Longtemps la question féminine a été au cœur de nos préoccupations. Sans doute parce que la femme, restée au foyer et moins instruite que l’homme, a longtemps été la gardienne des traditions, comme le notait jadis Jules Michelet pour se plaindre de la dichotomie que cela introduisait au plus intime de la société française. Ou bien au contraire parce que la femme, par son désir légitime d’émancipation, a bouleversé de proche en proche et radicalement nos conceptions de la famille, de la société, de la politique.
Mais aujourd’hui c’est une question masculine qui est en train de surgir, dont nous n’avons pas fini de mesurer les effets. Où sont les hommes ? Qui sont les hommes ? Qu’est-ce qu’un père, qu’un époux ? À quoi bon être physiquement plus fort que l’autre sexe, dans une société où, jusque dans les métiers de la sécurité, la force compte moins que l’habileté et le soin ? Ainsi les femmes, plus flexibles, plus capables de complexité, semblent-elles plus à l’aise que les hommes dans notre monde postmoderne.

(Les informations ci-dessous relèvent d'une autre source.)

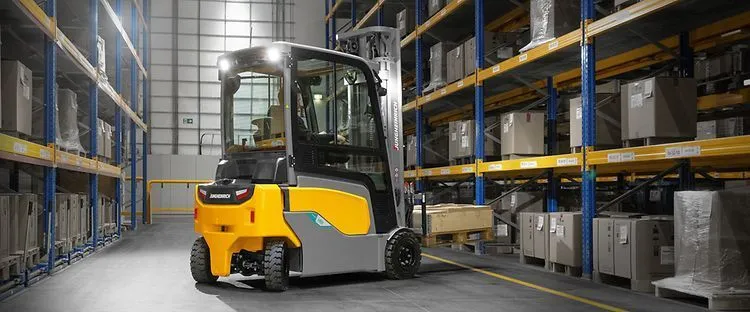 Начались продажи электрических погрузчиков EFG 2/2i и 3/3i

Ce n’est pas que l’émancipation et l’égalité des sexes soient définitivement acquises et généralisées. Mais parce qu’un nouveau problème est venu compliquer la situation. En effet les femmes ont encore besoin d’émancipation, et préfèrent être seules à tout porter que d’être placées en situation de dépendance. Les hommes cependant subissent de plein fouet et brutalement, plus massivement encore que les femmes, les phénomènes de l’exclusion, de l’inemploi, de l’inutilité. Une femme qui travaille n’aura pas mauvaise conscience d’employer une autre femme pour ses travaux domestiques ; et si elle ne travaille pas, elle a d’autres rôles sociaux majeurs à assumer, elle qui s’est habituée à faire tout en même temps, elle ne disparaît pas de l’espace commun, surtout si elle a des enfants. Mais un homme au chômage se sent superflu, inutile, il n’est plus rien. C’est donc la forme du problème qui se pose à nous sous une forme que nous simplifierions ainsi : les femmes ont besoin d’une émancipation qui les délivre des servitudes, quand les hommes ont besoin d’un attachement qui les retienne de l’exclusion.

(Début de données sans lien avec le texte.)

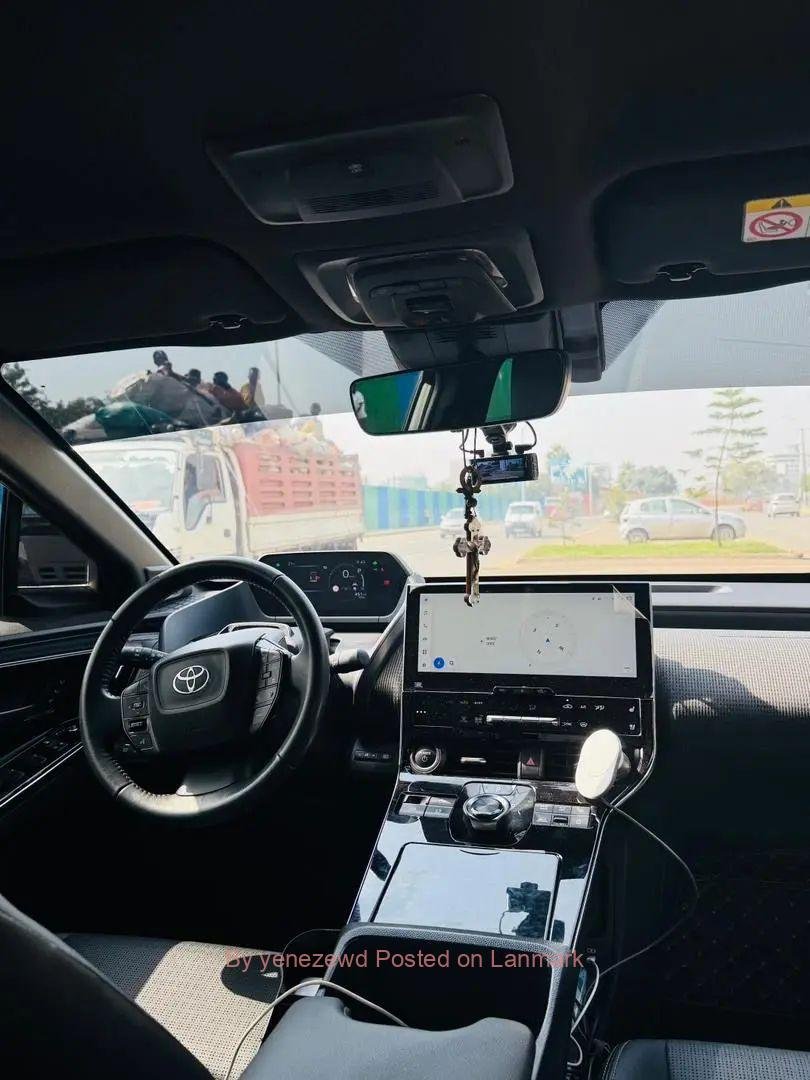 BRAND TOYOTA BZ4X, 2022/11, Automatic Electric, 15,000km የተነዳ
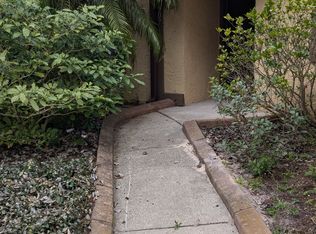 8607 Deermoss Way E, Jacksonville, FL 32217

C’est une forme simplifiée de la question, parce que dans la réalité tout est plus mixte que cela, mais on reconnaîtra que c’est là une des façons dont nous interprétons aujourd’hui la différence des sexes. Depuis la nuit des temps nous n’avons cessé de cultiver l’ordre ou le désordre de cette différence, d’en expérimenter les règles et les passions. C’est comme si nous ne pouvions déconstruire nos rôles qu’en inventant de nouveaux partages, qu’en essayant des rôles inédits, sans jamais pouvoir atteindre un sol ou un socle que nous pourrions dire naturel. Longtemps, les hommes ont été préposés aux violences guerrières, hostiles, étrangères, quand les femmes ne connaissaient que les violences intimes et tragiques, celles de la famille et de la maison. Longtemps les hommes ont manifesté leur compétence dans la joute oratoire par leur faculté de généraliser, et les femmes ont manifesté leur compétence narrative par leur faculté d’entrelacer les situations particulières. Longtemps les hommes se sont épanouis dans une sorte de polygamie plus ou moins assumée, et les femmes se sont montrées plus entières, plus aptes au divorce, peut-être.
Je ne sais pas si ces oppositions simplistes marchent encore, mais souvent les hommes me paraissent un peu comiques, parce qu’il leur arrive des catastrophes qu’ils ne voient jamais venir ; alors que les femmes me paraissent plus tragiques ou plus fatalistes, comme si elles savaient très tôt à quoi s’en tenir. Mais il est une différence qui commande celles-là, et qui est aujourd’hui sous-estimée. Les femmes ont la maîtrise de la vie et de la mort. Je veux dire que ce sont elles qui décident, en dernier ressort, de faire un enfant ou non. Avec les moyens de contraception et de procréation d’aujourd’hui, c’est sur elles que repose ce choix tragique qui les engage entièrement. Ainsi les hommes ne sont plus de nos jours, face à cela, dans la situation de Dieu-le-père : ils sont dans la situation plus incertaine de Joseph, acceptant d’être le père d’un enfant qui leur arrive. Cette condition masculine est au fond superbe, mais elle porte dans ses flancs un retournement de l’ancienne dialectique de l’homme et de la femme, et nous n’avons pas fini d’en découvrir les dilemmes.